At 100k, targetSize=100 regressed from 304 ms to 631 ms. This is a deliberate trade-off worth understanding: the segment tree always costs O(n) to build, touching every leaf once regardless of k. The old lazy-deletion heap avoided this — it started with all n entries in the heap but only ever polled and re-inserted entries reachable from the O(k) segments it actually visited. When k ≪ n the heap never paid the O(n) overhead; the segment tree cannot avoid it. The crossover is around k/n ≈ 0.005–0.01 on this hardware: below that the heap was cheaper; above it the heap's O(n·k) stale-entry accumulation made it catastrophically slower. If your workload is consistently small k relative to n (e.g. selecting 50–100 points from a 100k+ series), this regression is real — it is a known trade-off of using an eager data structure where a lazy one was sufficient. At k=1 000 and above the segment tree wins decisively.

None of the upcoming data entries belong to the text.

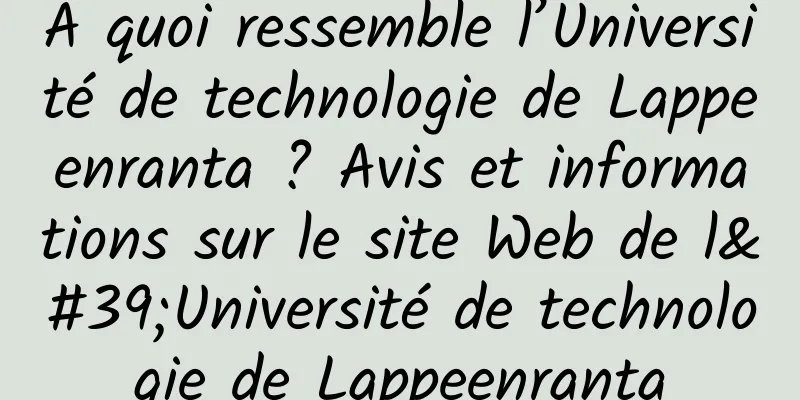 À quoi ressemble l’Université de technologie de Lappeenranta ? Avis et informations sur le site Web de l'Université de technologie de Lappeenranta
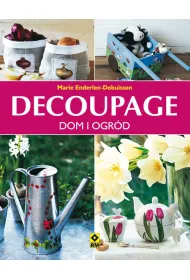 Decoupage dom i ogrod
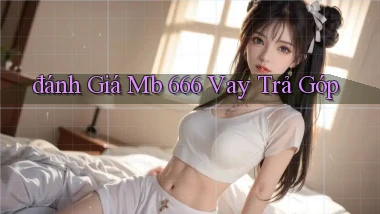 đánh giá mb 666 vay trả góp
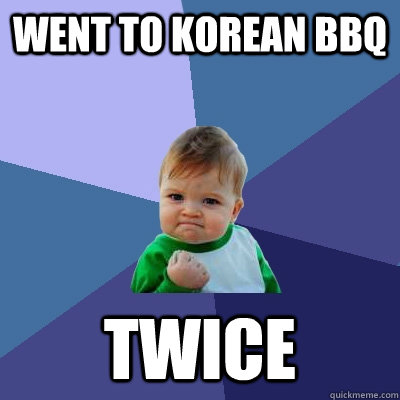went to korean bbq twice  Success Kid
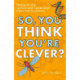 So, You Think You're Clever?: Taking on The Oxford and Cambridge Questions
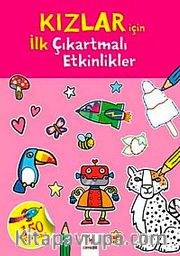 Kızlar  için İlk Çıkartmalı Etkinlikler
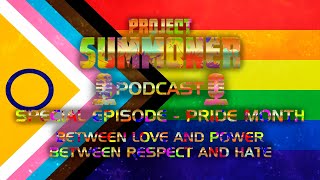 Project Summoner Podcast | Special Episode - Pride Month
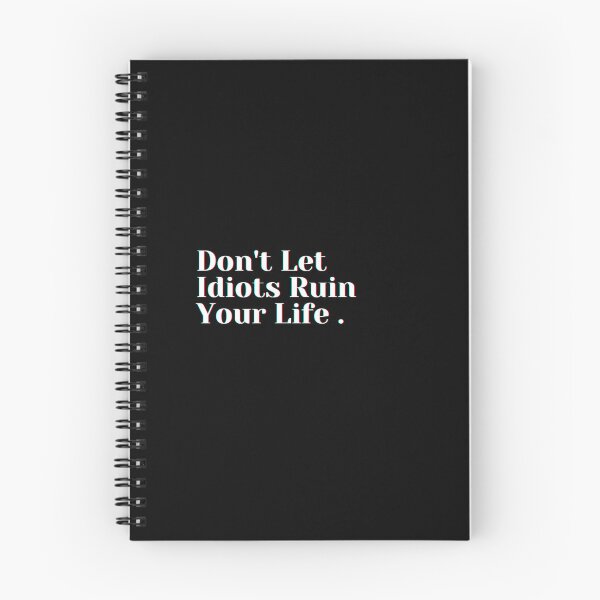 Item preview, Don't Let Idiots Ruin Your Life . designed and sold by PostiveText.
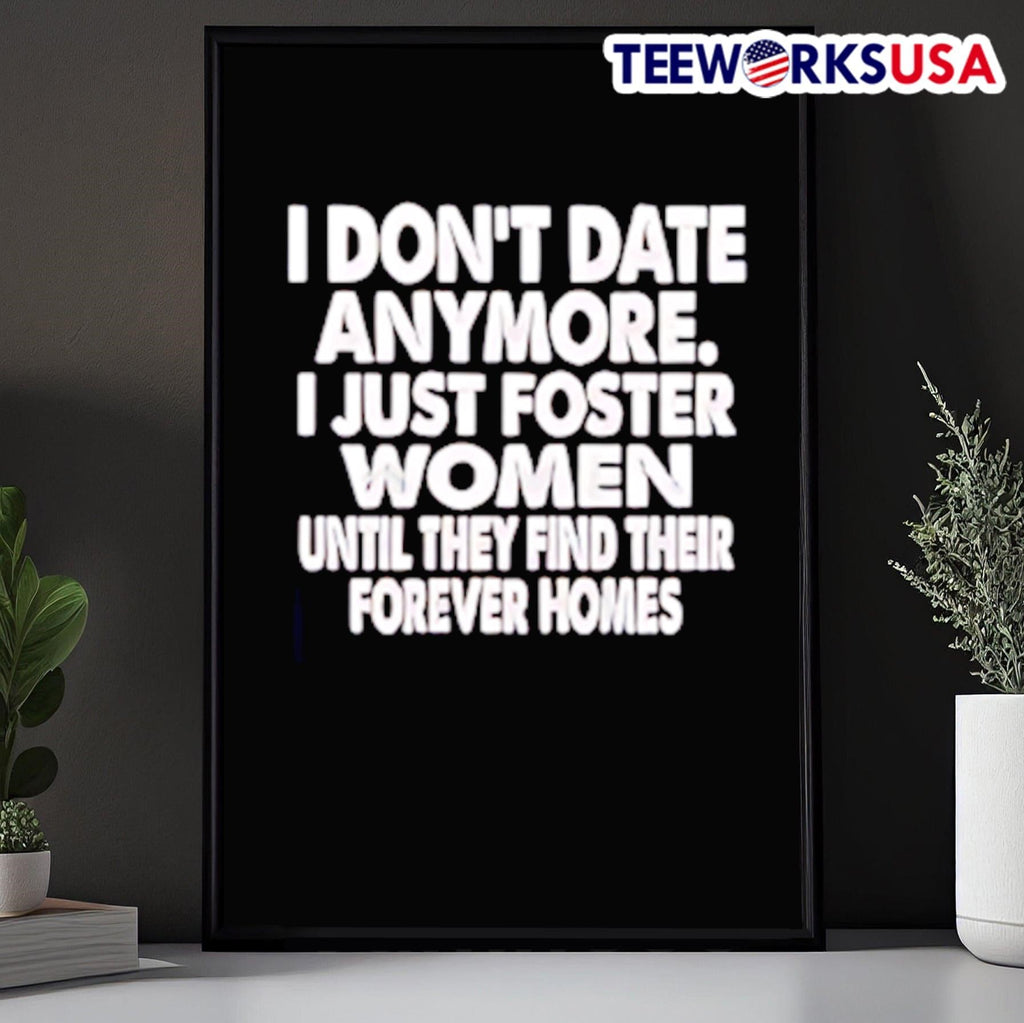 I Don’t Date Anymore I Just Foster Women Until They Find Their Forever Homes Shirt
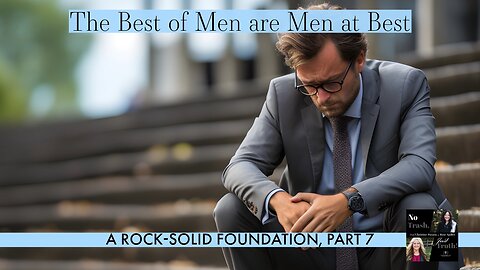 Dropping Monday! "The Best of Men are Men at Best"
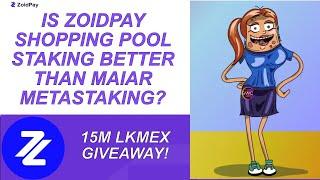 Is Staking ZPAY In A ZoidPay Shopping Pool Better Than Staking In Maiar Metastaking? (15 Mil BRIBE!)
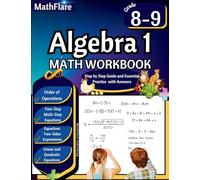 Algebra 1 Workbook 8th and 9th Grade: Grade 8-9 Algebra 1 Workbook, Standard Linear Equations, Quadratic Equations, Order of Operations, Two-Step, ... Simplify Expressions (Mathflare Workbooks)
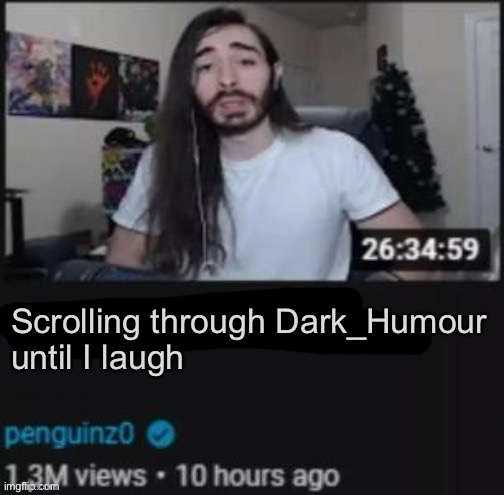 That stream has seen better days | Scrolling through Dark_Humour
until I laugh | image tagged in the thing i hate about ___ | made w/ Imgflip meme maker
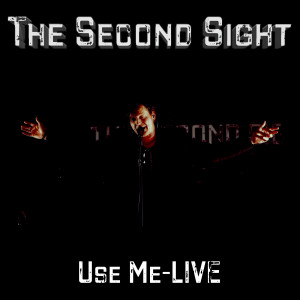 Listen to Use me (Live) song with lyrics from The Second Sight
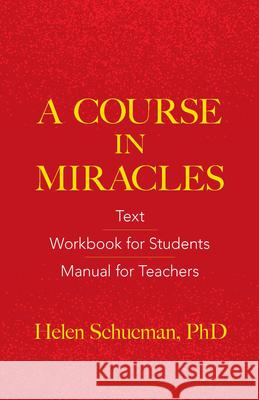 A Course in Miracles: Text, Workbook for Students, Manual for Teachers Helen Schucman 9780486831084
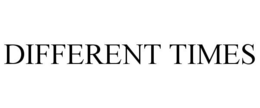 DIFFERENT TIMES trademark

At 500k, all combinations now complete in finite time. The k=100 → k=1 000 jump is 4.1 s → 10.9 s — a 2.7× increase for a 10× increase in k, confirming the improved complexity. 500k points in 4–11 s depending on targetSize.
Algorithm comparison
| LTTB | RDP | PIP | |
|---|---|---|---|
| Output size | exact (buckets + 2) | data-driven | exact (targetSize) |
| Control parameter | bucket count | epsilon (distance) | target point count |
| Time complexity | O(n) | O(n log n) avg / O(n²) worst | O(n + k log n)¹ |
| Stack depth | O(1) | O(1) — iterative, no StackOverflowError risk | O(1) |
| Visual fidelity | high — optimised for charts | geometric — no point with dist > ε discarded | high — most prominent features first |
| Unevenly-spaced data | FIXED strategy | natural | natural |
| Practical limit | 500k+ points, <2 ms | 500k in 120–146 ms | 500k in 4–11 s |
¹ O(n) to build the segment tree + O(k log n) for k selections, each updating O(segment length) neighbours at O(log n) per update. The O(n) build is eager and unavoidable regardless of k; the previous lazy-deletion heap avoided this cost when k ≪ n by only ever touching O(k) entries. The segment tree wins when k/n ≳ 0.01; the heap was faster when k/n ≲ 0.001.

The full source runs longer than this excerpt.